Thesis Title: Divorce Factors, Outcomes, Adjustments and Interventions: A Three-part Study on the Singapore Experience.
This thesis examines the topic of divorce in Singapore, an area that has not been extensively researched in Singapore.
The work comprises thre studies that explores different facets of the divorce experience and process of divorce. Study 1 adopts a quantitative method and a critical analysis of responses obtained from 136 divorced respondents who were invited to complete a self-administered structured questionnaire. Study 2, the main study of the research, employs a series of semi-structured interviews with 19 divorcees. A thematic analysis was used to determine the underlying themes of the experiences of these 19 divorcees.
Study 3 looked at the narratives of 12 expert counsellors who moderated and synthesised their clients’ experiences, and provided input from their professional experience.

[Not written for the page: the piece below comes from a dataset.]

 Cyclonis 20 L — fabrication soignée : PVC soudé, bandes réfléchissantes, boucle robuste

The empirical work in this thesis has two aspects: the first involves exploring the divorcees’ perceived reasons for divorce, and categorising them into predisposing and precipitating factors; and the second ascertains their responses to the divorce and identifies the factors that impacted their adjustment process and post-divorce growth.

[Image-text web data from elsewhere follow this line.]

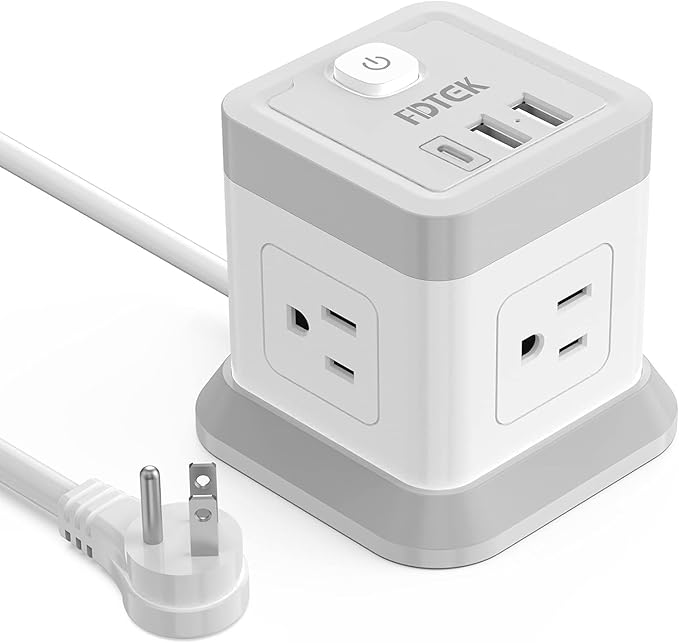 Power Strip with USB, FDTEK Flat Plug Extension Cord with 4 Outlets and 3 USB by FDTEK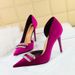 1363-K76 Banquet Women's Thickened Suede Shallow Mouth Pointed Side Hollow Ultra High Heels Water Diamond Buckle Single_vogvips.com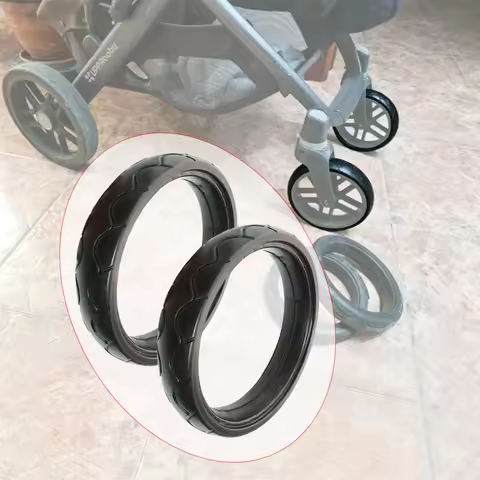Buggy Wheel Tire For Uppababy Vista Pushchair Front Wheel PU Tubeless Tyre Cover Baby Stroller Repla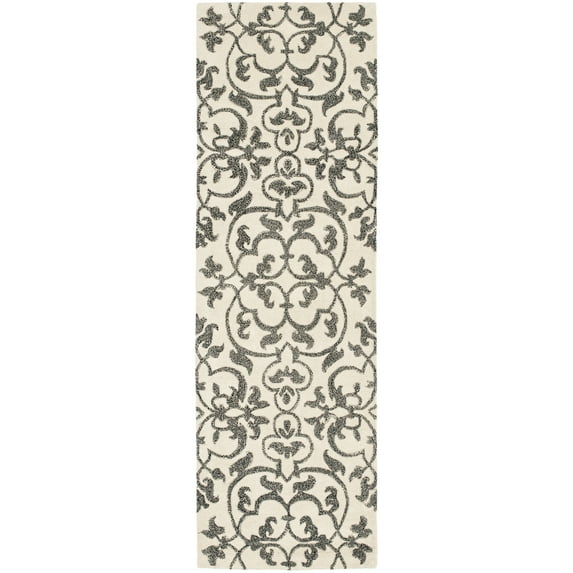 SAFAVIEH Soho Bedinn Floral Wool Runner Rug, Ivory/Grey, 2'6" x 12'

The thesis, articulated in three distinct yet at the same time integrated studies, conclude that while divorce is a traumatic experience, divorcees are usually able to adjust and eventually achieve post-divorce growth.
The investigations and findings in this thesis will add considerably significant information and knowledge to enrich the data base in Singapore, and is likely to become a critical source of information for scholars, counsellors and policy makers concerned with divorce antecedents and consequence in both Singapore and internationally.